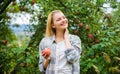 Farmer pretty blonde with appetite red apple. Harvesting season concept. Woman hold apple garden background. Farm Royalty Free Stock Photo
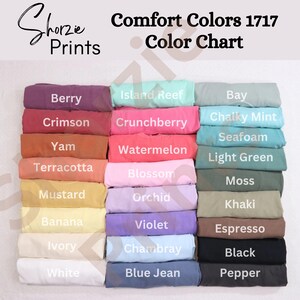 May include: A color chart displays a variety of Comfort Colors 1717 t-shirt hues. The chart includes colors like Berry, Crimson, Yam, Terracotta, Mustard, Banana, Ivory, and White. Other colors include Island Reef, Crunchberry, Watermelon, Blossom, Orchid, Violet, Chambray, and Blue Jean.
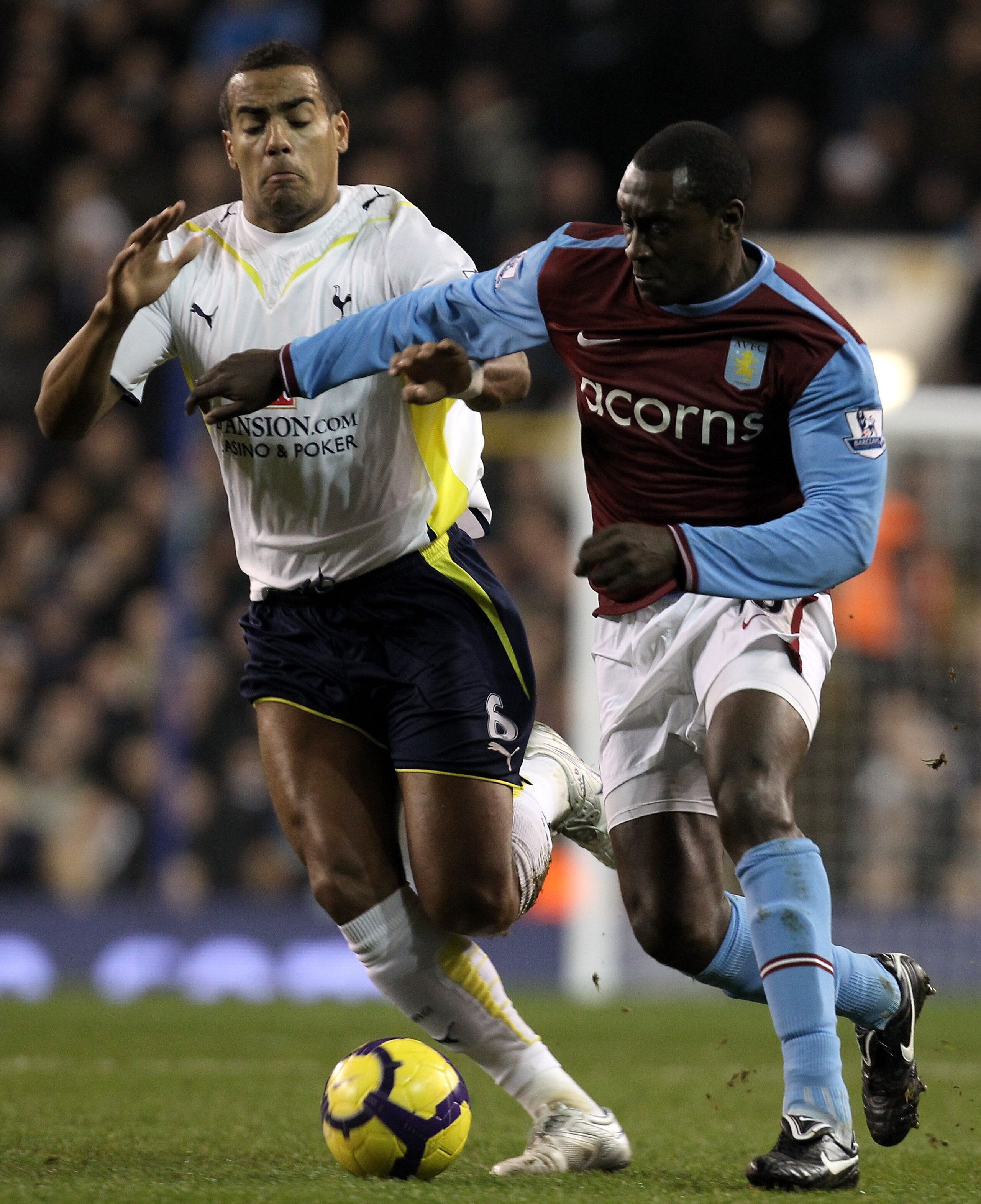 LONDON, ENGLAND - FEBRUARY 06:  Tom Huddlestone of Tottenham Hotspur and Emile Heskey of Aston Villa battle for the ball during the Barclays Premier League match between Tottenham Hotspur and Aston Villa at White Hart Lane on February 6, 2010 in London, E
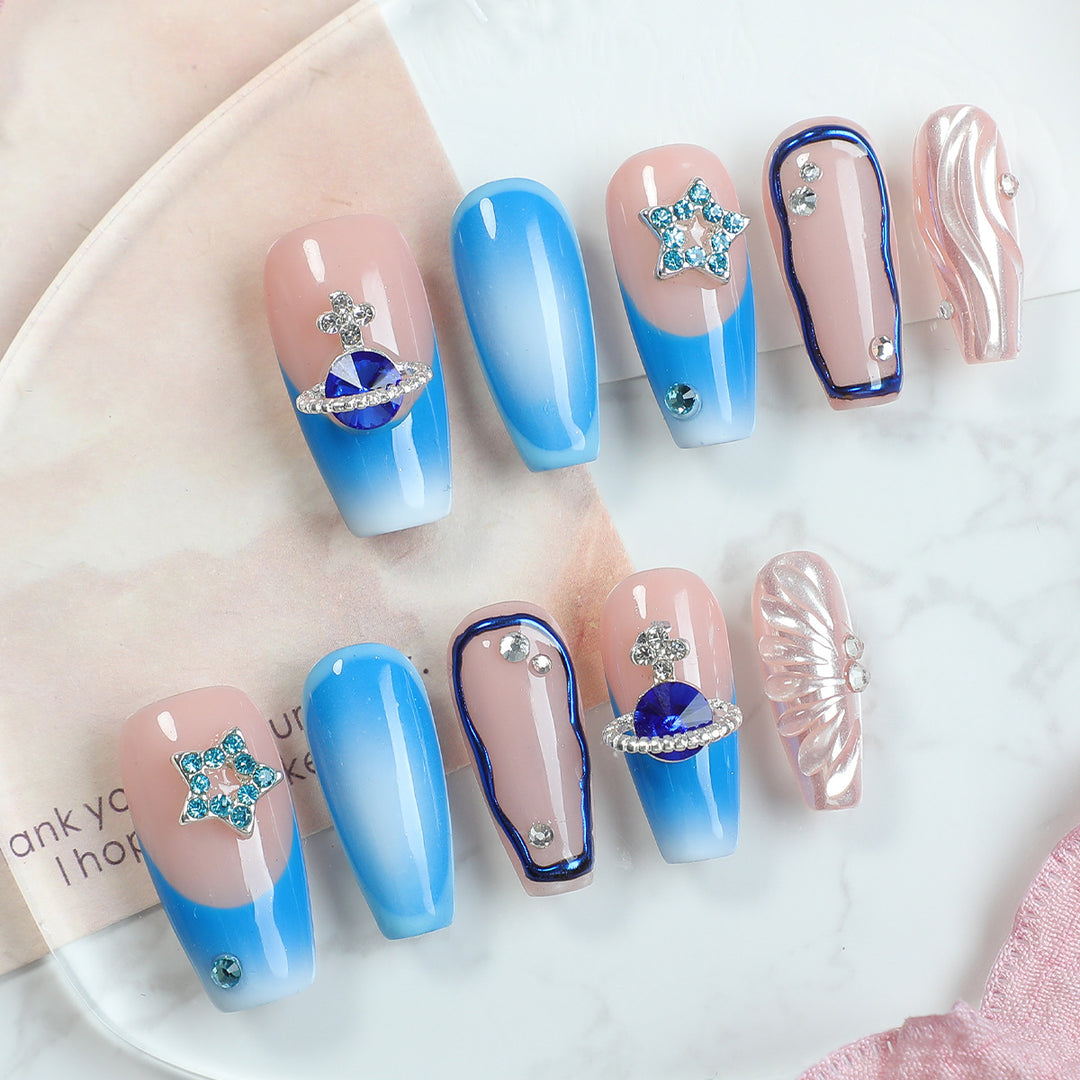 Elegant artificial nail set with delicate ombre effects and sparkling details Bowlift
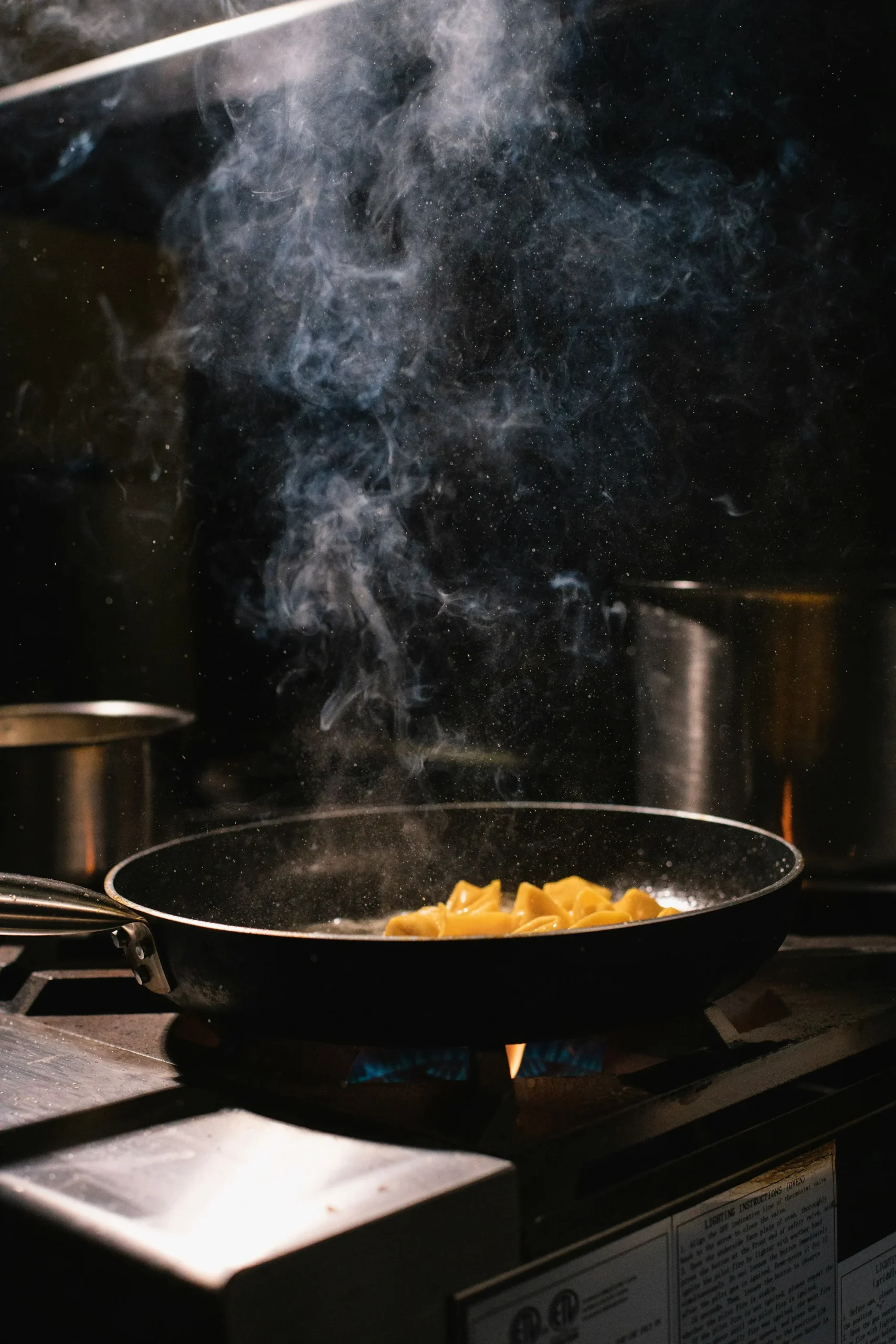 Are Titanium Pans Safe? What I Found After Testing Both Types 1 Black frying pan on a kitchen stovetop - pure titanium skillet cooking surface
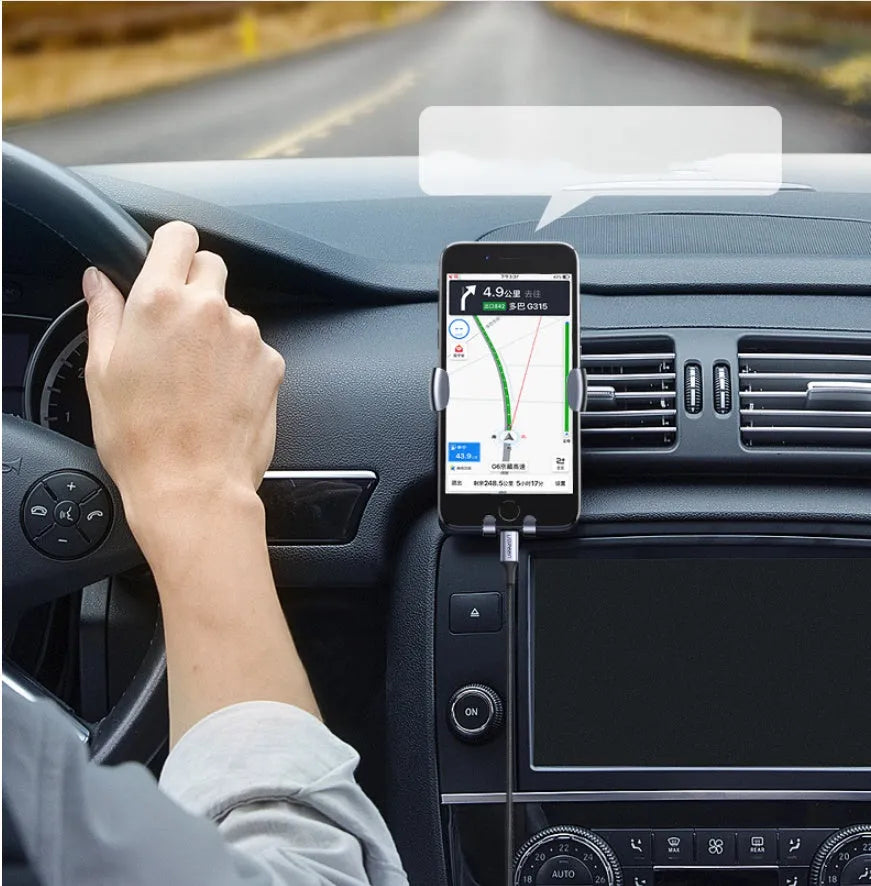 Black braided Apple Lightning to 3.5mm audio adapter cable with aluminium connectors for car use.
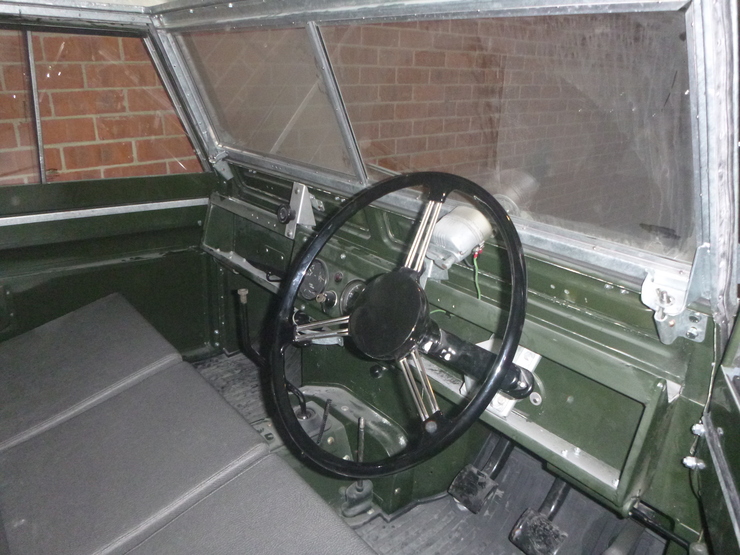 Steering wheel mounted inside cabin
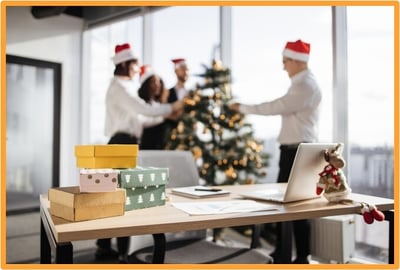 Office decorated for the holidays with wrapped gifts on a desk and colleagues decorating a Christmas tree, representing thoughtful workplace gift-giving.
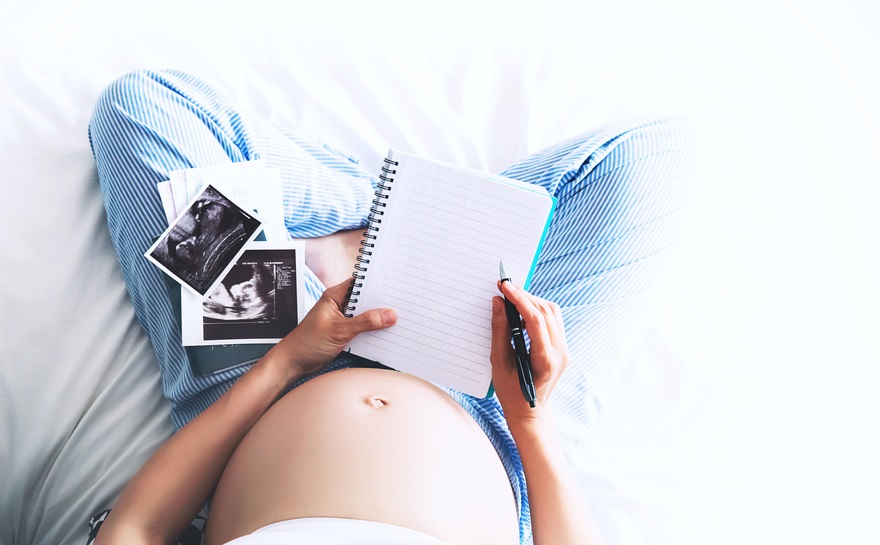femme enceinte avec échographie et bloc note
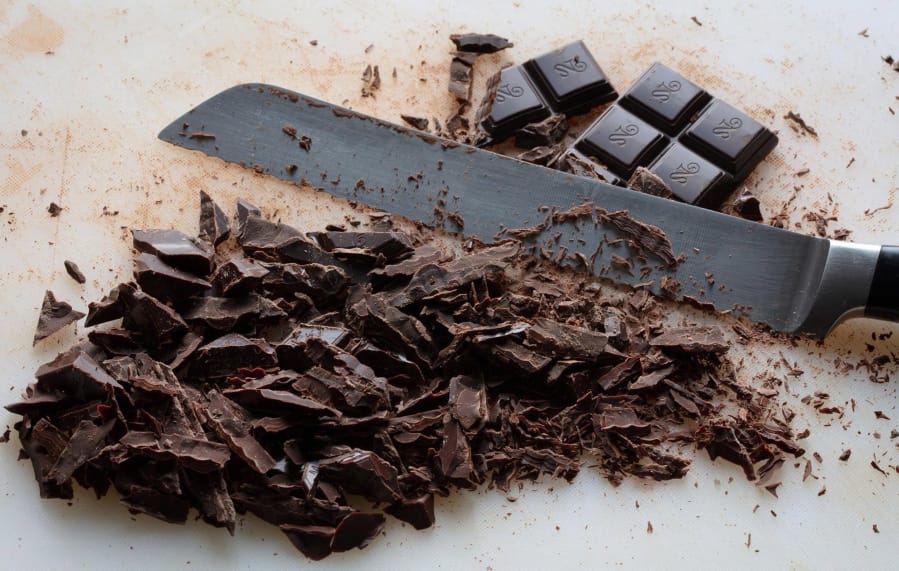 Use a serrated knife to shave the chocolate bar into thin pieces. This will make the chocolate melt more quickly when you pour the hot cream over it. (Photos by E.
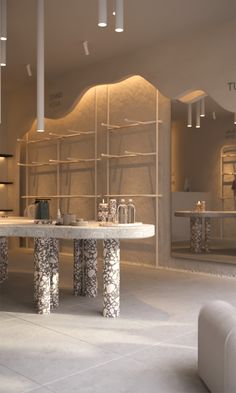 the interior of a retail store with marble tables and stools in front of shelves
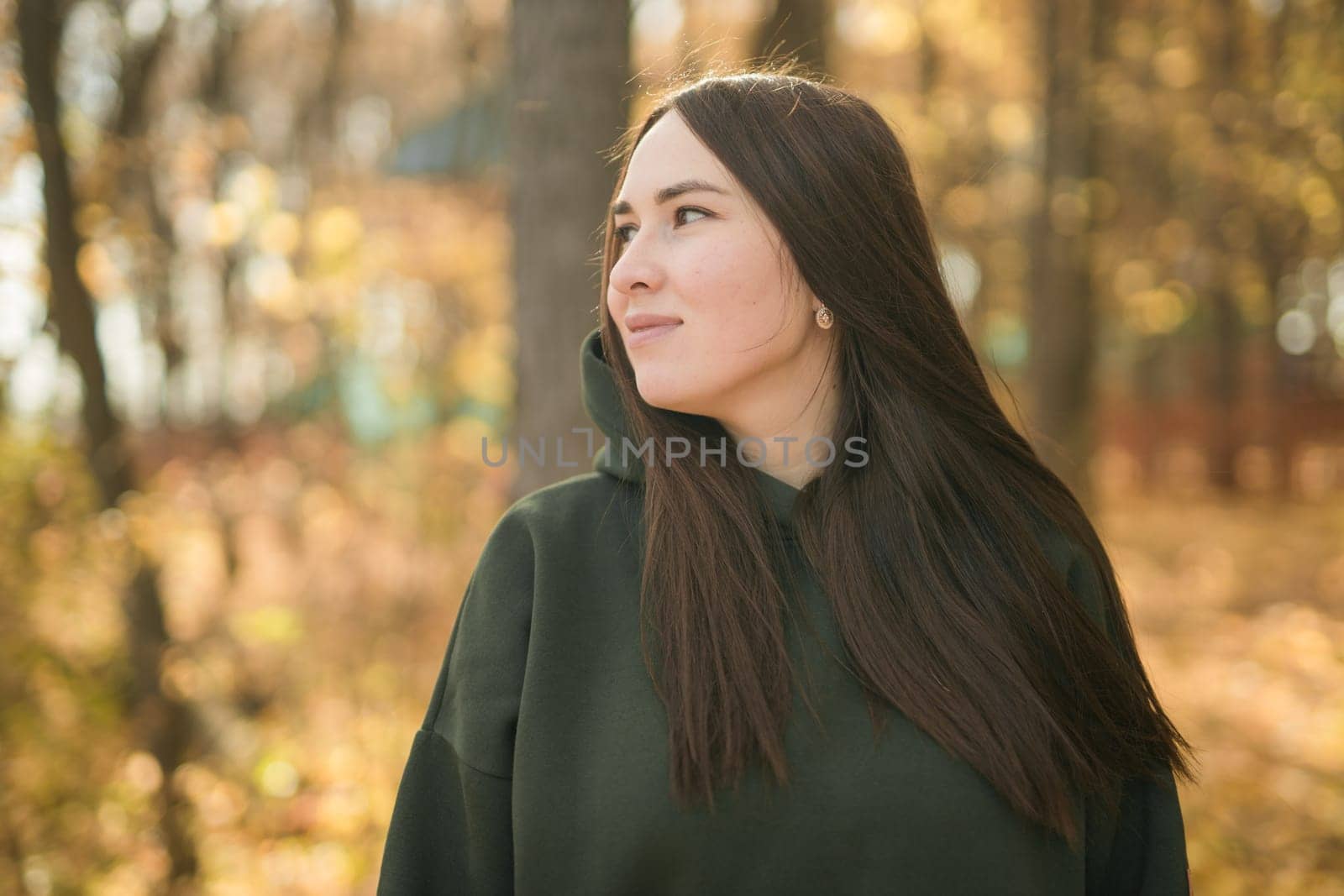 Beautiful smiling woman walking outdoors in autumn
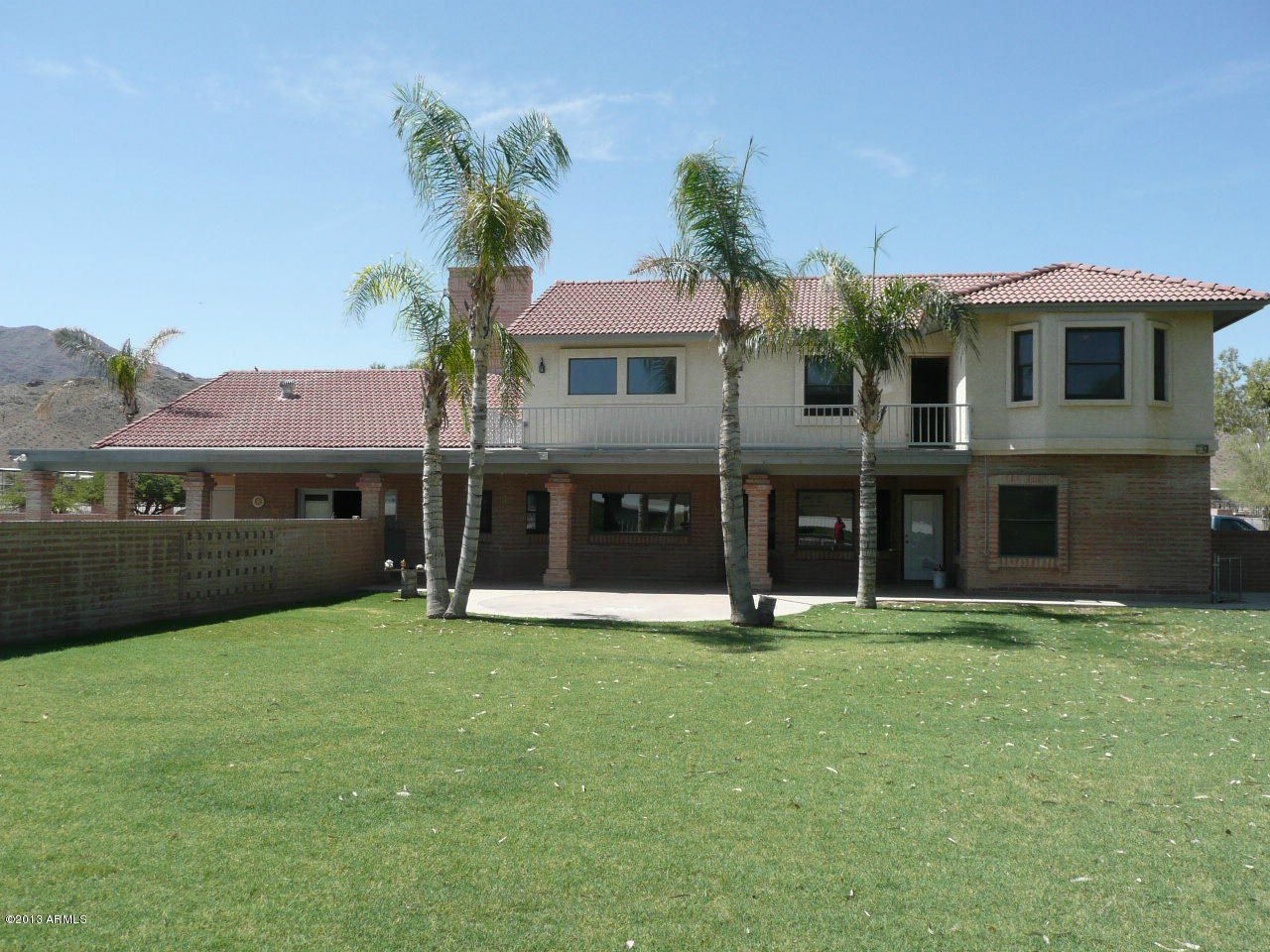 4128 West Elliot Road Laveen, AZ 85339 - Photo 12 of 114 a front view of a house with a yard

__Problem requirements__. Everything from the line with "Steering wheel mounted inside cabin" through the end of the records above, both ends included, is to be reproduced exactly, and nothing outside that span; the pictures are to be dropped.

__Task output__.
 Steering wheel mounted inside cabin
 Office decorated for the holidays with wrapped gifts on a desk and colleagues decorating a Christmas tree, representing thoughtful workplace gift-giving.
femme enceinte avec échographie et bloc note
 Use a serrated knife to shave the chocolate bar into thin pieces. This will make the chocolate melt more quickly when you pour the hot cream over it. (Photos by E.
 the interior of a retail store with marble tables and stools in front of shelves
 Beautiful smiling woman walking outdoors in autumn
 4128 West Elliot Road Laveen, AZ 85339 - Photo 12 of 114 a front view of a house with a yard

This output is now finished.